*** Available records Section Begins ***
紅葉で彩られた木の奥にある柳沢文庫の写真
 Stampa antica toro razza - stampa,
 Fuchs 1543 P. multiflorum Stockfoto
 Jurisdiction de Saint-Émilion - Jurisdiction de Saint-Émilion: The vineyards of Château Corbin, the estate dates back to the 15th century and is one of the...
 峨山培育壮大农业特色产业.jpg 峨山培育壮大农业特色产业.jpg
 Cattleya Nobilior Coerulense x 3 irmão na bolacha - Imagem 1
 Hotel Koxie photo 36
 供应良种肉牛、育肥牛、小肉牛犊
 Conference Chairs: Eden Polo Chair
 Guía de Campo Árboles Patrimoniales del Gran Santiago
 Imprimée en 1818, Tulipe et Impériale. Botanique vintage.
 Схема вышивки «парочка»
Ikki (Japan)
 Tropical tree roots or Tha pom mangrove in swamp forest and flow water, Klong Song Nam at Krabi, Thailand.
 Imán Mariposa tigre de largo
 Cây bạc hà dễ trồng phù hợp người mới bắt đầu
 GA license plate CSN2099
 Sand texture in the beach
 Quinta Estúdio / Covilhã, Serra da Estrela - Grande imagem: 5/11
*** Available records Section Ends ***
## Problem requirements
Repeat the data exactly as it was given above.

## Answer space
紅葉で彩られた木の奥にある柳沢文庫の写真
 Stampa antica toro razza - stampa,
 Fuchs 1543 P. multiflorum Stockfoto
 Jurisdiction de Saint-Émilion - Jurisdiction de Saint-Émilion: The vineyards of Château Corbin, the estate dates back to the 15th century and is one of the...
 峨山培育壮大农业特色产业.jpg 峨山培育壮大农业特色产业.jpg
 Cattleya Nobilior Coerulense x 3 irmão na bolacha - Imagem 1
 Hotel Koxie photo 36
 供应良种肉牛、育肥牛、小肉牛犊
 Conference Chairs: Eden Polo Chair
 Guía de Campo Árboles Patrimoniales del Gran Santiago
 Imprimée en 1818, Tulipe et Impériale. Botanique vintage.
 Схема вышивки «парочка»
Ikki (Japan)
 Tropical tree roots or Tha pom mangrove in swamp forest and flow water, Klong Song Nam at Krabi, Thailand.
 Imán Mariposa tigre de largo
 Cây bạc hà dễ trồng phù hợp người mới bắt đầu
 GA license plate CSN2099
 Sand texture in the beach
 Quinta Estúdio / Covilhã, Serra da Estrela - Grande imagem: 5/11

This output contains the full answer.